In our last post, we went through the first three stages of Milton J. Bennett’s process of developing cross-cultural sensitivity. We left off at Minimization, or a tendency to downplay cultural differences, particularly if those differences challenge a belief or value of your own. It’s a form of ethnocentrism, or a lack of awareness that you yourself are influenced and shaped by a culture.
We closed on a reflection that even the European-American majority culture has a history and ethnic heritage that can be celebrated. Naturally, for all but the most recent arrivals, the “American” aspect of that culture comes out a little more strongly than the “European” aspect. I may have a lefse iron stashed away in a closet somewhere and let slip the occasional “uffda” when I open up a long-neglected container at the back of the fridge, but the Janteloven stuff was more or less left behind with the rest of the family in Sognefjord, thank goodness. Passelig is a value our fast-paced, consumeristic American culture could stand to consider, however.

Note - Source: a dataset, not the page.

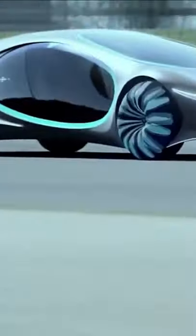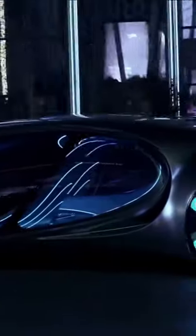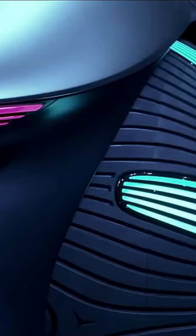Round tires are a thing of the past, replaced with spherical versions which give increased maneuverability and are less impactful on their surroundings, as well as being able to twist up by 30 degrees, which means the car can move sideways in a crab-like movement.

In America, instead of Janteloven, there is freedom of expression and free enterprise, and Americans admire those whose hard work and innovation brings them success (sometimes ignoring the role of community and socioeconomic privilege in the process). Americans speak directly, and don’t hesitate to say “no,” and truth and self-expression are valued more than cooperation and harmony. They show up to work “on time,” even if they have to turn down a friend’s invitation for coffee to do so, and leave exactly “on time,” even if it means that a project is left unfinished. They are this way because the nation’s history and context has shaped them to be this way, just as the nomadic life shaped the Somalis, and lives full of persecution, perseverance, faith and resistance have shaped the Karen. When we have the self-awareness to see that we have culture and are influenced by it, we have advanced to what Bennett calls Acceptance.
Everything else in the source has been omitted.